The Minnesota Orchestra will resume live performances, albeit to reduced audiences, at Orchestra Hall in June. Broadway shows are expected to return to Hennepin Avenue this fall. And workers will begin heading back to their downtown offices this summer and fall.
"This sort of one-two punch of more people coming back to events and more office workers coming back over the course of the year will really help put the downtown economy back in a stronger position than it's been for months and months now," Cramer said.
Some downtown restaurants and bars remain closed, such as Kieran's Irish Pub and the Local. But he hopes they will begin to reopen in the coming weeks and months as more crowds return to the city.
Hotel bookings at the Hewing Hotel in the North Loop are back up but only at 50%, said Naomi Thompson, the hotel's lifestyle director. Its indoor restaurant, Tullibee, also just reopened, but can't yet operate at full capacity because of state restrictions limiting it to 75%.
The Hewing had planned a big outdoor party for the Twins home opener, with beer and cone-filled mashed potatoes, but canceled given the threat of rain.
So has "the home opener given us a bump? I think it will down the road, but for this very first game, we are not seeing it just yet," she said. "But we are super hopeful that we will."
The Loon Cafe has seen "very small" and "disappointing" crowds since it reopened in late February, a month after indoor service was able to resume in Minnesota, said owner Tim Mahoney. At this point, he thinks it's more the Chauvin trial that's keeping people way than the pandemic. But he thinks the home opener will be the start of a turnaround.
"The most exciting thing is we've got baseball. We've got fans," he said. "I think we're headed in the right direction."
He expects that patrons will begin showing up around noon to grab lunch and a drink before the game. He'll be at the door, greeting loyal customers, many of whom he hasn't seen for more than a year, before heading to the stadium himself for the game.
Shane Higgins, general manager of Brit's Pub, isn't sure how much of a bump in traffic he'll see for the game. But he's opening the bar earlier than usual for it.
"We're hoping we may get something," he said. "You've got to give it a try. We haven't had conventions" or other events that bring people to downtown hotels.
Brit's Pub reopened a few weeks ago at limited hours and days after being closed for seven months following a fire during a night of civil unrest in August. Business so far has been "OK," he said.
In addition to the return of fans at Twin games, he sees other promising signs ahead. The big screen where it broadcasts soccer and baseball games on the rooftop deck will be installed by next week. Its lawn bowling leagues, which were canceled last year, will be back this summer. And scheduling of private events have begun to pick up again, too.
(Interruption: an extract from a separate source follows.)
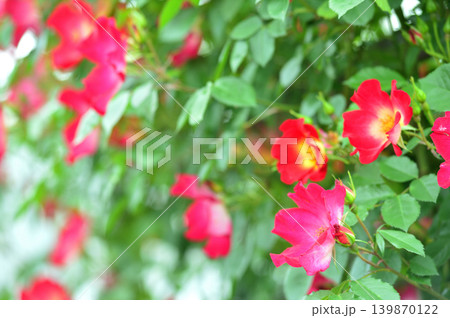 薔薇園で見た赤い薔薇 薔薇園で見た赤い薔薇 139870122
"That's another sign of confidence," he said.
Cowley, of O'Donovan's, had debated whether to open three weeks ago for St. Patrick's Day, which is typically its busiest day of the year. But he worried there would be too big of a lull between then and the Twins home opener, so he decided to wait to reopen until this week.
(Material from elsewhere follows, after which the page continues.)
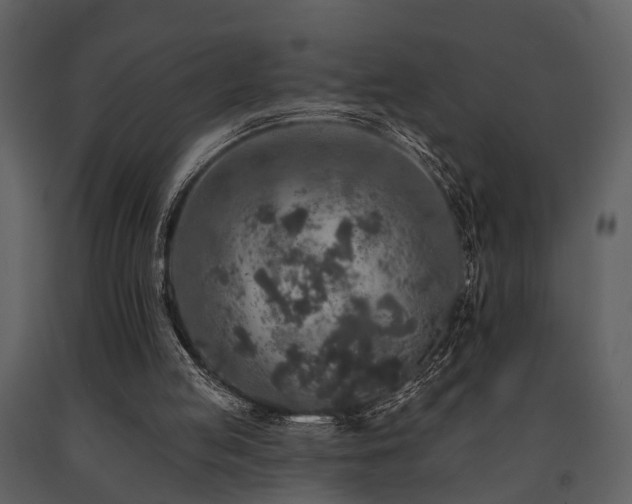 X0000091700053200708241232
There are still some unknowns, he said, such as how big the crowds will be heading to restaurants and bars.
His main concern right now is that he might end up being understaffed. He's had a hard time finding enough servers to hire. So he may not be able to accommodate as many patrons as he'd like. But he'd rather turn people away than having people be disappointed by the service.
"You want to put your best foot forward," he said. "So I'm nervous and excited."